24. BÖLÜM

4.3K 324 108
                                    

Daha birkaç saniye öncesine kadar bile kendinde olmayan adamın, benim aşkımı dile getirince uyanasının tutması benim bu hayatta ne kadar bahtsız olduğumu bir kez daha yüzüme vurdu. Hemde öyle bir vurdu ki grilerden gözlerimi bile ayıramıyordum. Sessizce yutkunarak boğazımı temizledim. Birkaç defa ağzımı açmak istesem de ne diyeceğimi bilemediğimden geri kapatmak zorunda kalmıştım. Ares'in yeni uyandığından dolayı kısık duran gözleri gözlerimde gezinirken her şeyi boş vererek içimden geleni söyledim.
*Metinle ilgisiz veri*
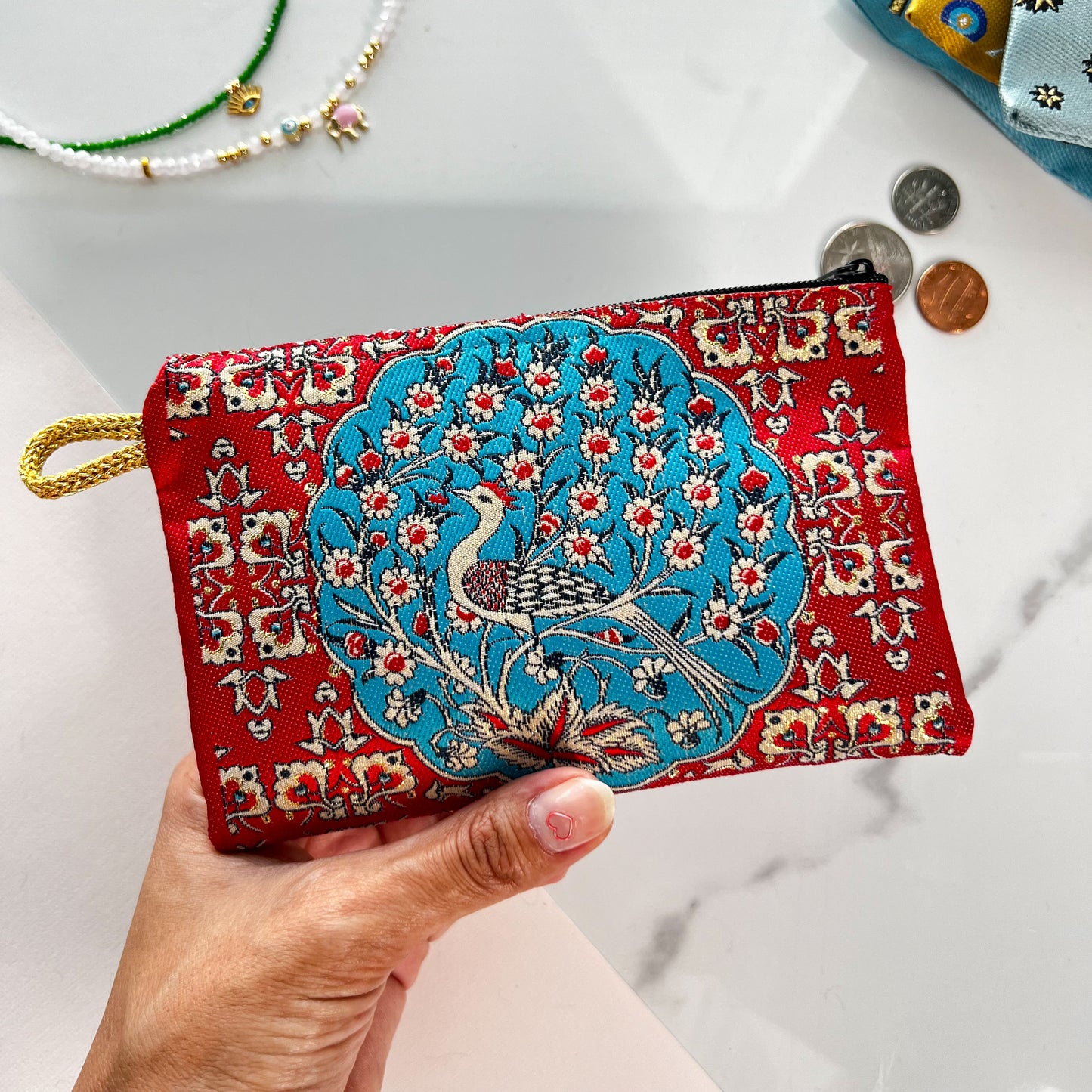 Peacock Design Coin Purse, Cute Handmade Fabric Pouch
" Duydun mu dediğimi? " diye sorduğumda birkaç saniye sonra başını hafifçe sallayarak karşılık vermesiyle bıkkın bir nefes alarak başımı biraz önce kaldırdığım göğsüne geri koydum.
" İyi, ağzımdan bizzat duyduğuna göre artık inkâr edemem, ne duyduysan o. " diyerek omuz silktim. Çünkü biliyordum ona olan hislerimi bildiğini ve buna rağmen görmezden geldiğini. Şimdi de sıkıyorsa görmezden gel Ares efendi. Artık bu yükün çoğunu senin omzuna bırakma zamanı geldi.

Yüzünü göremediğimden ne tepki verdiğini bilmiyordum, bilmek istediğimden de emin değildim açıkçası. Belki de beni sevmiyordu. Sonuçta bir kere benimle sevişmesi beni sevdiği anlamına gelmiyordu. Keşke gelse... Keşke benim onu sevdiğim gibi o da beni sevse.
Ama nerede... Pars Kılıçhan illa sürünecek!

Monitörden gelen kalp atış sesleri hızlı hızlı atarken bir anda kesildiğinde korkuyla başımı kaldırıp Ares'e çevirdim. İçimde ona bir şey olacak olma korkusu onun grilerini üzerimde görmemle yerini sakinliğe bıraktı. Bir an kalbi durdu sanmıştım ama gayet sağlıklı duruyordu altımda. Kalp atışlarını ölçen cihazı sökmüştü sadece. Ben ona bakmaya devam ederken dudaklarının üstündeki ince hortumu da çıkarıp yana bıraktı. Sanki üzerindeki hiçbir şeye tahammülü kalmamış gibi kaslı vücudunu saran kabloları da söktüğünde karşımda çıplak göğsüyle kalmıştı. Esmer tenindeki yaralarını saran beyaz bandajlar haricinde tamamen çıplaktı ve ben bundan hiç şikâyetçi değildim. Ağzımın suyu akarak baktığıma emin bir şekilde gözlerimi vücudundan çektiğimde yüzüne bakmaya zorladım kendimi.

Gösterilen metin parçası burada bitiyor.